----- Data for processing
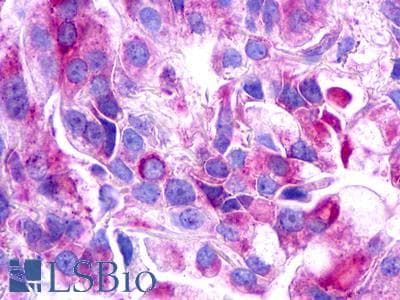 PathPlus™ GALR3 / Galanin Receptor 3 Antibody (Cytoplasmic Domain)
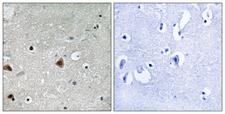 GPS1 / CSN1 Antibody - Immunohistochemistry analysis of paraffin-embedded human brain, using COPS1 (Phospho-Ser454) Antibody. The picture on the right is blocked with the phospho peptide.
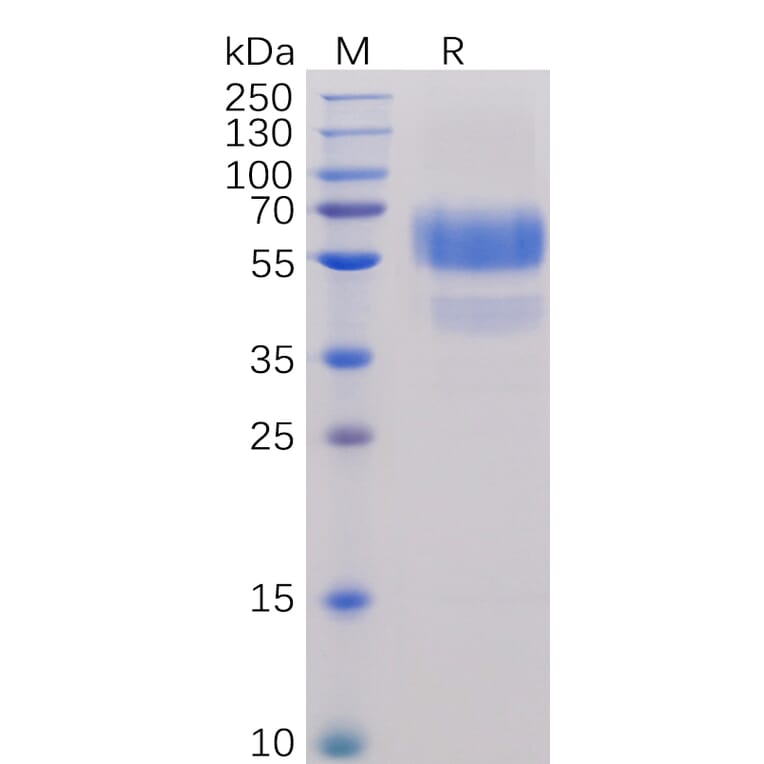SDS-PAGE - Recombinant Human CD70 Protein (Fc Chimera 6xHis Tag) (A318244) - Antibodies.com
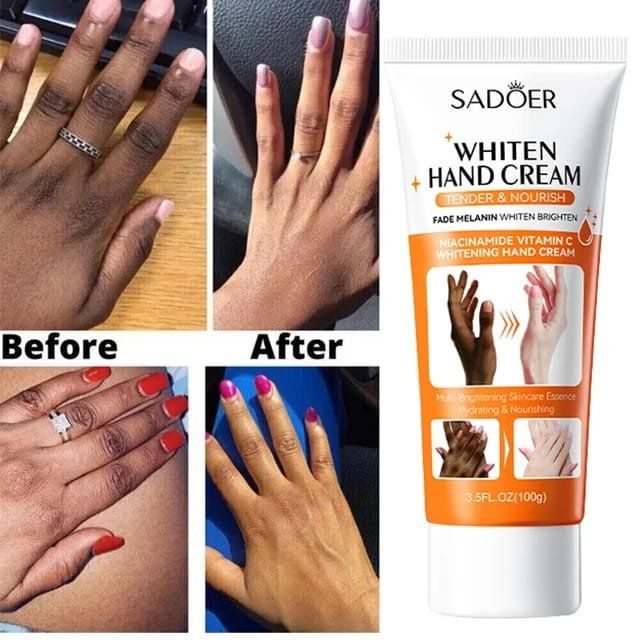 Whiten Hand Cream (100g)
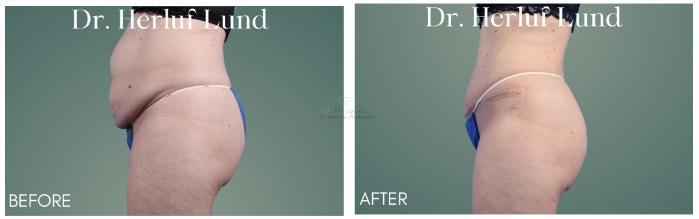 Before & After Tummy Tuck Case 410 Right Side View in St. Louis, MO
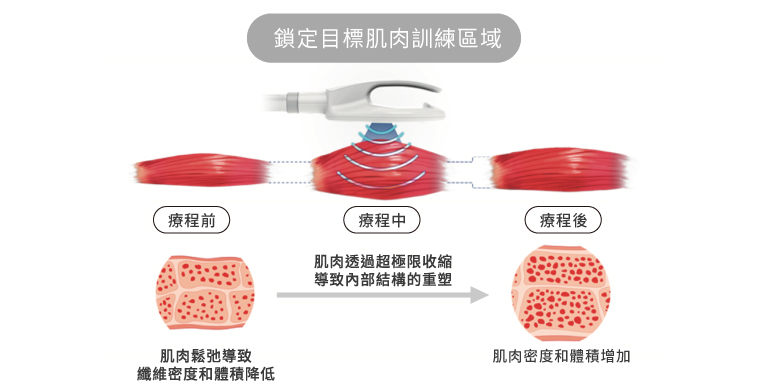 260202_醫美新知_衛教文-非侵入式體雕指南_肌肉訓練_手機
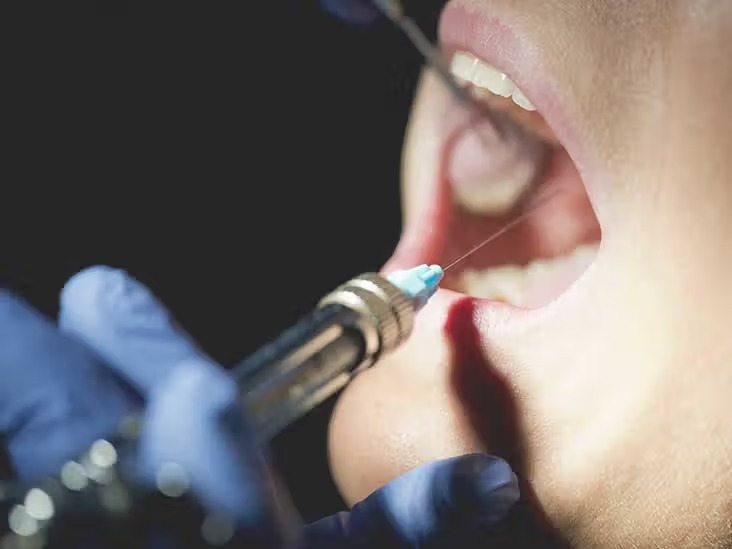 Vishal DentoCare Ligno Prick Cartridges (Pack of 50) 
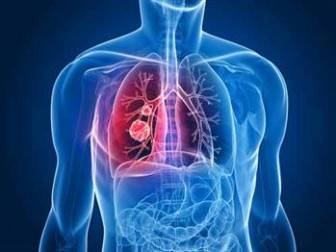 Akciğer Kanserine Neden Olan Çevresel Faktörler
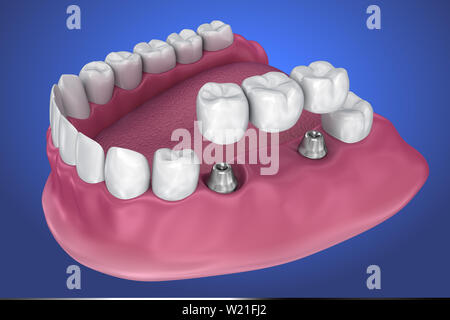 Unterstützt feste Brücke Implantat. Medizinisch genaue 3D-Darstellung Stockfoto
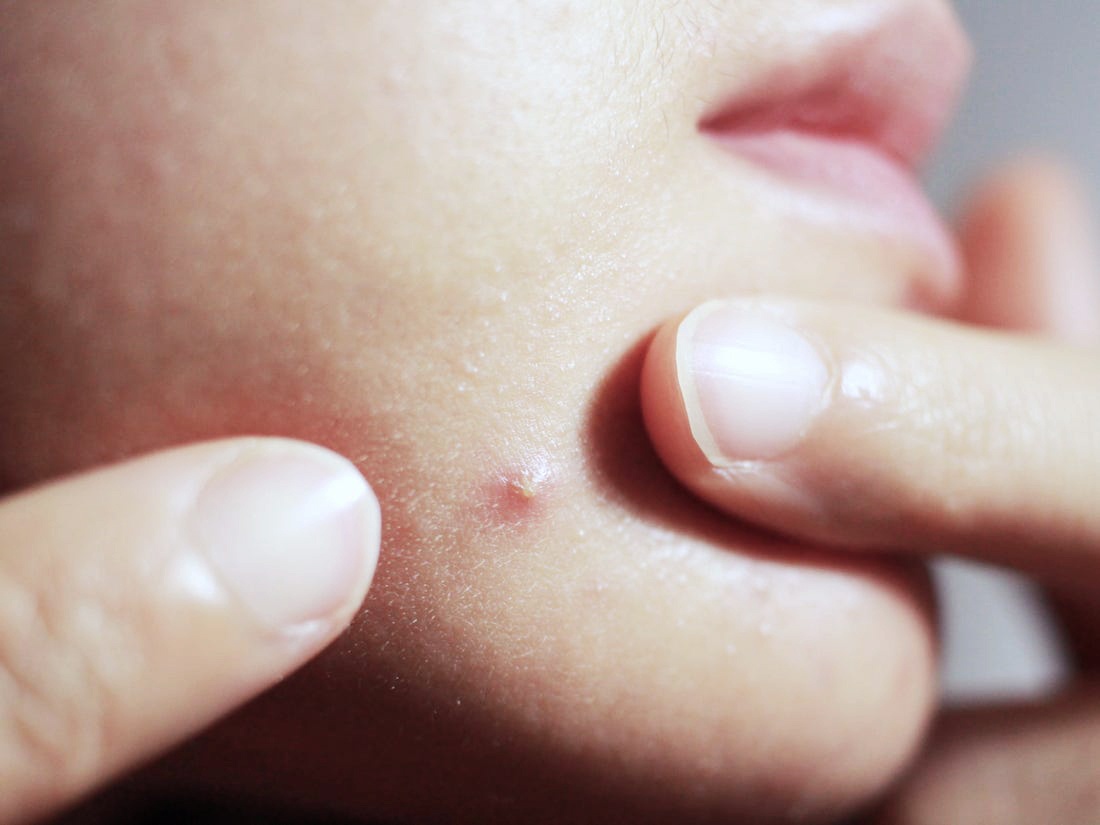 Nan mun tai nha anh 2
----------
Where the line holding "SDS-PAGE - Recombinant" appears, start copying, and continue exactly through the last line of the listing, both ends included, skipping the pictures.

▸ **Task response**
SDS-PAGE - Recombinant Human CD70 Protein (Fc Chimera 6xHis Tag) (A318244) - Antibodies.com
 Whiten Hand Cream (100g)
 Before & After Tummy Tuck Case 410 Right Side View in St. Louis, MO
 260202_醫美新知_衛教文-非侵入式體雕指南_肌肉訓練_手機
 Vishal DentoCare Ligno Prick Cartridges (Pack of 50) 
 Akciğer Kanserine Neden Olan Çevresel Faktörler
 Unterstützt feste Brücke Implantat. Medizinisch genaue 3D-Darstellung Stockfoto
 Nan mun tai nha anh 2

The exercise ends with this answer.